A first insulating sidewall 105 is disposed over the second dielectric layer 103 and the second metal layer 104. The first insulating sidewall 105 may be an insulating material such as resin or curing adhesive PI.

The first metal feed line pillar 106 is disposed in the first insulating sidewall 105, penetrates the upper and lower surfaces of the first insulating sidewall 105, and is electrically connected to the second metal layer 104. In one embodiment of the present invention, the first metal feeder pillar 106 is a conductive copper pillar.

The first substrate 107 is suspended above the first insulating sidewall 105, and the first substrate 107, the first insulating sidewall 105 and the second dielectric layer 103 together form a first cavity 109.

The first antenna metal layer 108 is a patterned metal layer disposed on the first substrate 107. In one embodiment of the present invention, the first antenna metal layer 108 is disposed on the lower surface of the first substrate 107 and is formed by an additive process or a subtractive process.

The third metal layer 110 is disposed on the top surface of the first insulating sidewall 105 and electrically connected to the first metal feeding column 106.

The second insulating sidewall 111 is disposed above the first insulating sidewall 105 and the third metal layer 110, and partially covers the edge of the first substrate 107. The second insulating sidewall 111 may also be made of insulating materials such as resin and curing adhesive PI.

The second metal wire pillar 112 is disposed in the second insulating sidewall 111, penetrates upper and lower surfaces of the second insulating sidewall 111, and is electrically connected to the third metal layer 110. In one embodiment of the present invention, the second metal feeder pillar 112 is a conductive copper pillar.

The fourth metal layer 113 is disposed on the top surface of the second insulating sidewall 111 and electrically connected to the second metal feeding line pillar 112.

The second substrate 114 is disposed above the second insulating spacers 111 and the fourth metal layer 113 in a covering manner, and the second substrate 114, the second insulating spacers 111 and the first substrate 107 together form a second cavity 116.

The second antenna metal layer 115 is a patterned metal layer disposed on the second substrate 114. In one embodiment of the present invention, the second antenna metal layer 115 is disposed on the lower surface of the second substrate 114 and is formed by an additive process or a subtractive process.

The antenna die bonding structure 117 penetrates the upper and lower surfaces of the first dielectric layer 101 and is electrically connected to the die pad of the first metal layer 102. In one embodiment of the present invention, the antenna chip bonding structure 117 is a ball-mounted, solder ball formed by a reflow process, or conductive copper pillar formed by a bronze drum plating process.

External solder balls 118 penetrate the upper and lower surfaces of the first dielectric layer 101 and are electrically connected to external pads of the first metal layer 102. In one embodiment of the present invention, the external solder balls 118 are solder balls formed by a ball-mounting and reflow process.

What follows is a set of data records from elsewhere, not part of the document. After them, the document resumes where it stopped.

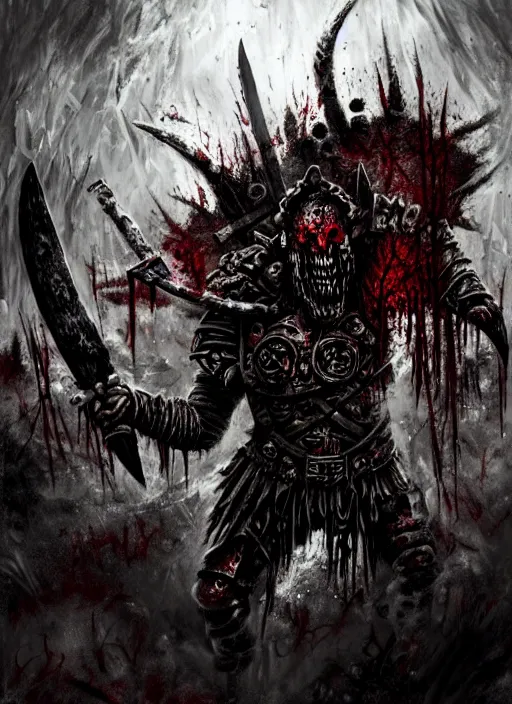 Image similar to berserker of khorne, blood warrior, evil, bloody axe, screaming, insanity, anger, psychopath, intricate, bloody runes, runes, bottom up lighting, warhammer, warhammer 4 0 k, highly detailed, digital painting, concept art, sharp focus, illustration, psychedelic, grim dark, moody, gloomy, art by john blanche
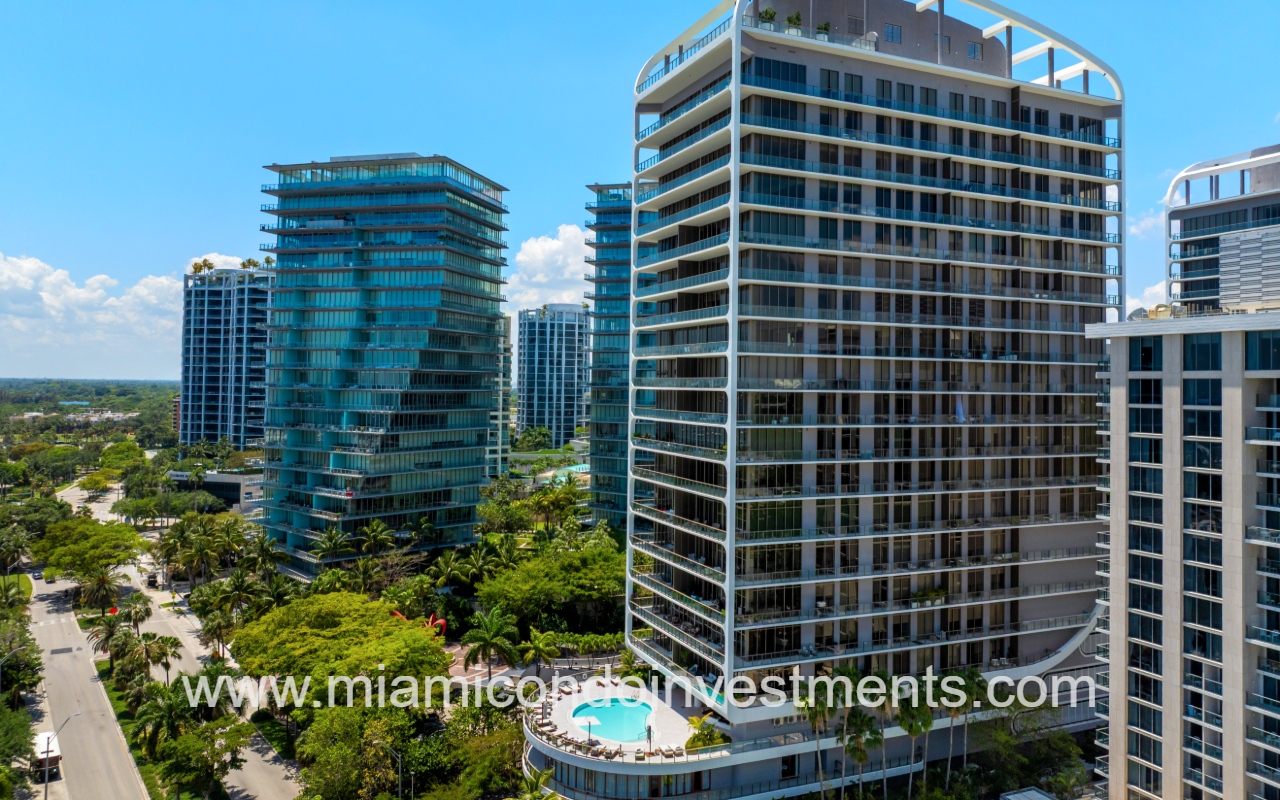Mr. C Residences drone of building and area closeup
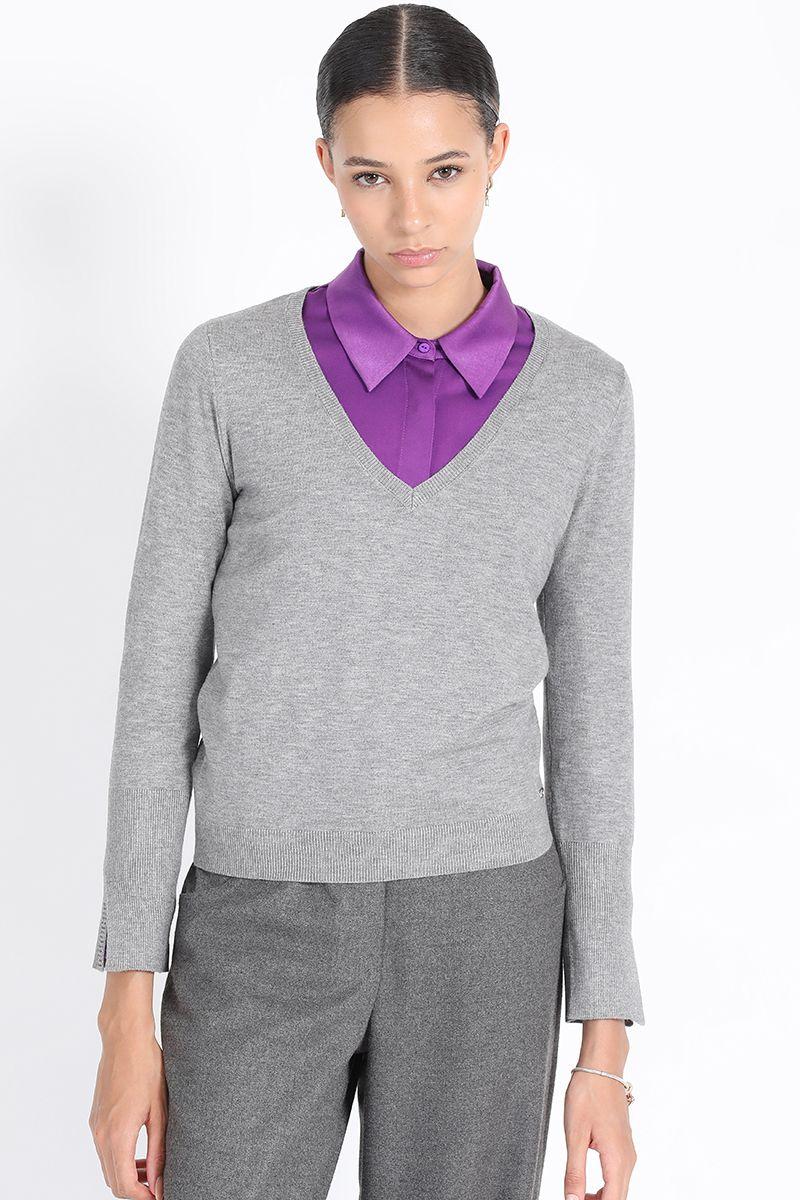 Tejido Punto, Puño Strass, Gris Liola-0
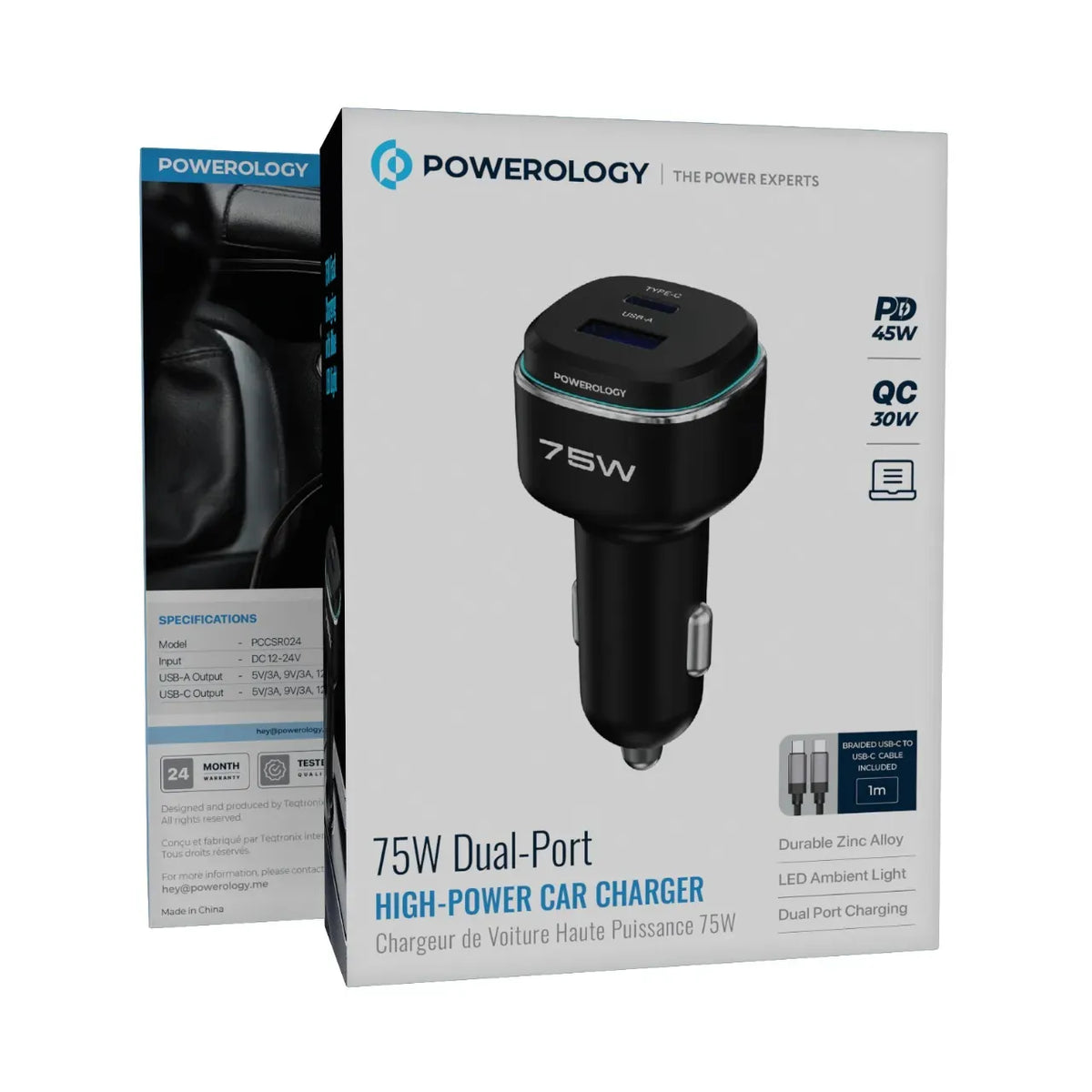 Powerology 75 W Dual-Port High-Power Car Charger with Typc-CCable - Black/Gre y – image 2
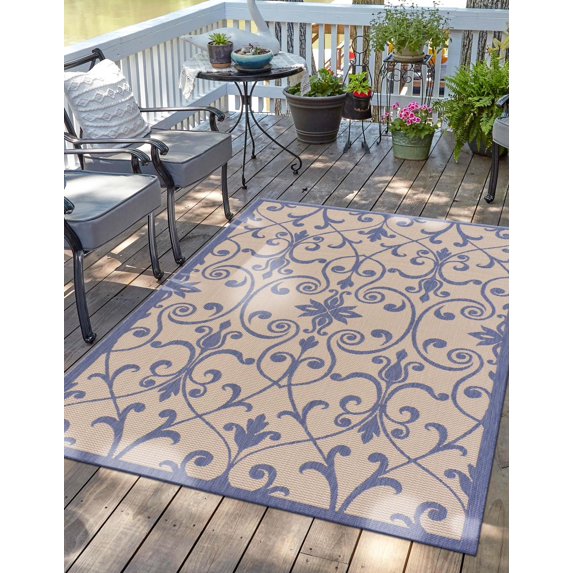 Unique Loom Outdoor Botanical Collection Area Rug - Gate (6' 1" x 9' Rectangle Blue/Beige)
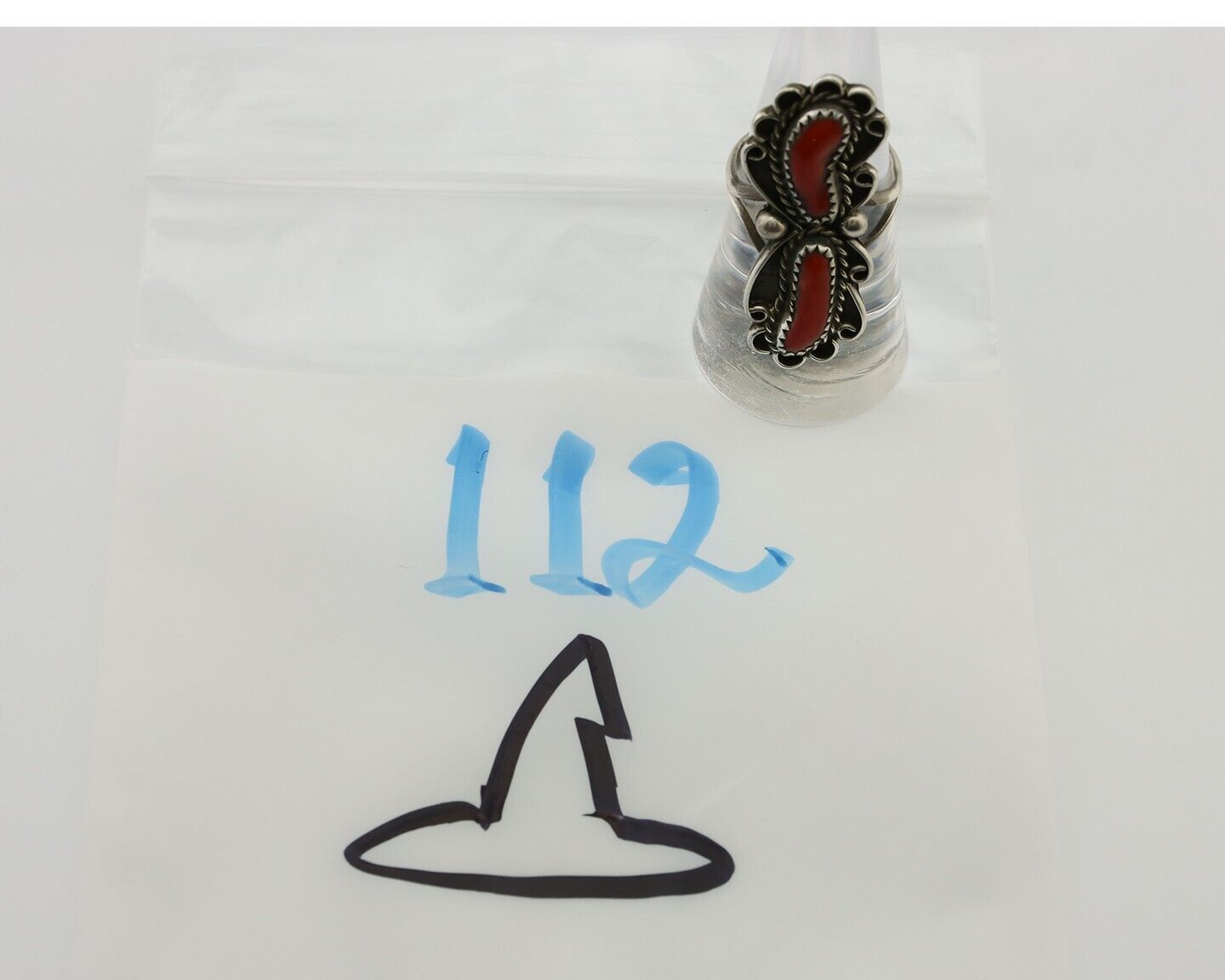 Navajo Ring 925 Silver Mediterranean Coral Native American Artist C.80's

The antenna chip 119 is flip-chip bonded to the antenna chip bonding structure 117 through the antenna chip bonding pad 120, and the antenna chip 119 further implements feeding or receiving of an antenna signal through the first metal layer 102, the second metal layer 104, the first metal feeder column 106, the third metal layer 110, the second metal feeder column 112, and the fourth metal layer 113.

A method for forming the antenna package structure 100 according to an embodiment of the invention is described in detail below with reference to fig. 2A to 2I and fig. 3. Fig. 2A to 2I are schematic cross-sectional views illustrating a process of forming the antenna package structure 100 according to an embodiment of the invention; fig. 3 shows a flow diagram 300 of a process of forming the antenna package structure 100 according to one embodiment of the invention.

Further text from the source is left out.